#### Task to complete
Print exactly what appears from the line containing "Trends in Ground Water Use" through the final line of the data below, pictures excluded.

#### Exercise data
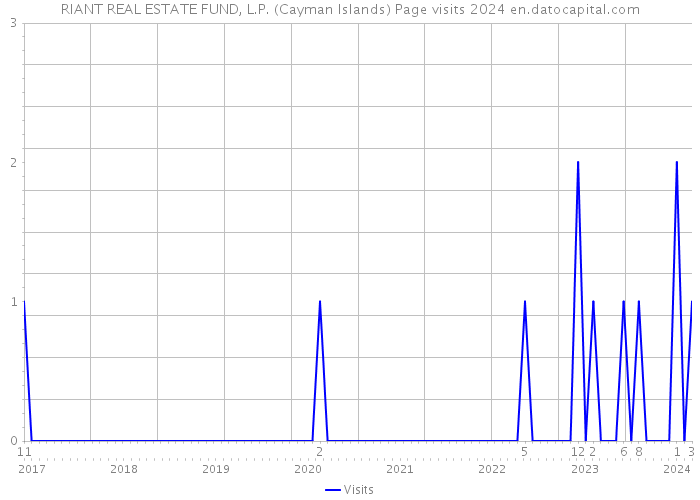 RIANT REAL ESTATE FUND, L.P. (Cayman Islands) Page visits 2024 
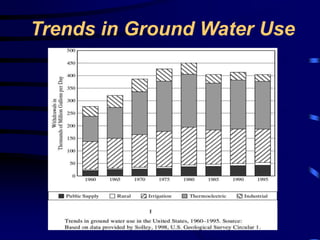 Trends in Ground Water Use 
 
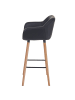 MCW 2er-Set Barhocker Vaasa, Kunstleder, schwarz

#### Answer to this exercise
 Trends in Ground Water Use 
 
 MCW 2er-Set Barhocker Vaasa, Kunstleder, schwarz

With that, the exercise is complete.